В Испании господствуют наводящие ужас одним своим видом инквизиторы - антропокайи (сожигатели людей), Германия кишит князьями, фрейлинами и нищими... Перед глазами читателя проходят цари, "стригущие догола свое стадо" (подданных), медлительные и равнодушные к людям обитатели Альбиона (англичане), болтливые и шаловливые, как дети, французы.
Только одна страна вызывает восторги Вольтера - это страна киммерийцев (Россия). "Нет еще и трехсот лет, как здесь царствовала дикая природа со всеми ее ужасами, а теперь здесь можно видеть искусство, блеск, славу и вежливость". Здесь терпимость, уважение к другим нациям. Вольтер, идеализируя царскую Россию, далеко не походившую на нарисованный им идеал, воздает хвалу Петру I и Екатерине II, с которой он вел в это время оживленную переписку, популяризируя ее в Европе как просвещенную государыню.
В философской повести Вольтер не стремился к всестороннему изображению характеров, - это не входило в его задачи.

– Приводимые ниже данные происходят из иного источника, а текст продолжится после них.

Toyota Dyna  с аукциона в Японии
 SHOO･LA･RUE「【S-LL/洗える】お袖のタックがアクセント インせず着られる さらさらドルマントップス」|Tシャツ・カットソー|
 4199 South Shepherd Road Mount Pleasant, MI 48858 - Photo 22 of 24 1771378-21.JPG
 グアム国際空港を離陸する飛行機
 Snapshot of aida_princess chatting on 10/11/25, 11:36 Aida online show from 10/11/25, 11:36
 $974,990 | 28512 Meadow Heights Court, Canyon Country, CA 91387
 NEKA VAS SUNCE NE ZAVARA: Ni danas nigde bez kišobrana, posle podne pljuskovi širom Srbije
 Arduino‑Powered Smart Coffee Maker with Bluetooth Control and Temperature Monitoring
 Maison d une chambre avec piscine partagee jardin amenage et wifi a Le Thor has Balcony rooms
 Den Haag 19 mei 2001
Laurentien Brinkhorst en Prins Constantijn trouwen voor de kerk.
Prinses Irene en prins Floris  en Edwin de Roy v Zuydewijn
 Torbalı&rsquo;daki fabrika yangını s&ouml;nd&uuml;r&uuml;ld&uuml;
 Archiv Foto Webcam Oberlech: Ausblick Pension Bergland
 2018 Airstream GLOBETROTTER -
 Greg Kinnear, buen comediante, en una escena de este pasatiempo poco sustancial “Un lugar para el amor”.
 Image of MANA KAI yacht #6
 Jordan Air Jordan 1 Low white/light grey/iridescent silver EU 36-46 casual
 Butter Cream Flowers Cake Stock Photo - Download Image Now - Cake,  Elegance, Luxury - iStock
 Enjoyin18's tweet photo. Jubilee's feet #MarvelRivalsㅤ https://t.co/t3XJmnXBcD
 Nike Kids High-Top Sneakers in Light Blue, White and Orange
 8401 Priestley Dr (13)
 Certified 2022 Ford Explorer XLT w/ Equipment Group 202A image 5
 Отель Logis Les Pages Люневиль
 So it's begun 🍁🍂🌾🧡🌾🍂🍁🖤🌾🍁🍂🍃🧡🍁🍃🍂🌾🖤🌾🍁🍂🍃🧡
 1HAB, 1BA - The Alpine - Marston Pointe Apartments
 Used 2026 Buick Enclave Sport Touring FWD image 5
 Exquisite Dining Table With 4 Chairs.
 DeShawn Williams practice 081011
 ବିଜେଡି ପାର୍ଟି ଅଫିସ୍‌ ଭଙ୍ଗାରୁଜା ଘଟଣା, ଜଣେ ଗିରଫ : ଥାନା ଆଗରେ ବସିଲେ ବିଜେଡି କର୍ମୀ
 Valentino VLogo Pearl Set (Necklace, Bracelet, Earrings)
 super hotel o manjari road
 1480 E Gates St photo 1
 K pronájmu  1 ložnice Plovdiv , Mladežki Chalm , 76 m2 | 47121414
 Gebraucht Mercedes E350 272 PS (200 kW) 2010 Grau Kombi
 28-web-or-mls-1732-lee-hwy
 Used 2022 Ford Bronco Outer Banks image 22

Главное для него - целеустремленная и последовательная борьба против враждебных ему идей, против мракобесия и предрассудков, насилия, изуверства и угнетения. Решая эту задачу, философ создает гротескно-сатирические, предельно заостренные образы.
Борясь против темных сил феодально-абсолютистского строя, Вольтер в философской повести был неизменным пропагандистом просветительских идей и научных представлений о мире.
Повести Вольтера немногословны. Каждое слово несет в себе большую смысловую нагрузку. Он терпеть не мог болтливых авторов многотомных романов, издававшихся в его время. "Жестоко заставлять такого живого человека, как я, читать целых девять томов, в которых ровно ничего не содержится", - писал он своей приятельнице госпоже де Дюфан.
4. Вольтер в идейной жизни России
В России еще при жизни своей Вольтер вызвал живой интерес. Он привлек к себе внимание русских писателей, поэтов, ученых. Знаменитый сатирик Антиох Кантемир был первым русским, завязавшим непосредственные связи с французским просветителем. Они обменялись любезными письмами. Дело касалось родословной князей Кантемиров, о которой мимоходом сообщал Вольтер в своей книге "История Карла XII" (первое издание 1731 г). Позднее Кантемир, живя в Париже (он был тогда русским послом во Франции), перевел стихотворение Вольтера "Две любви" на русский язык и послал перевод в Россию, адресуя его М.Л. Воронцову.
Знал Вольтера и М.В. Ломоносов. Один из его отзывов о французском писателе суров и неодобрителен. Вольтер в ту пору жил в Берлине, находясь на службе у Фридриха II. Всем известно было пренебрежительное отношение прусского короля к России. Ломоносову, который к тому же сам лично пострадал от прусского деспотизма, это было известно больше, чем кому бы то ни было. Прочитав подобострастное стихотворение Вольтера "К прусскому королю" (1751), Ломоносов послал его И.И. Шувалову с резко отрицательным отзывом.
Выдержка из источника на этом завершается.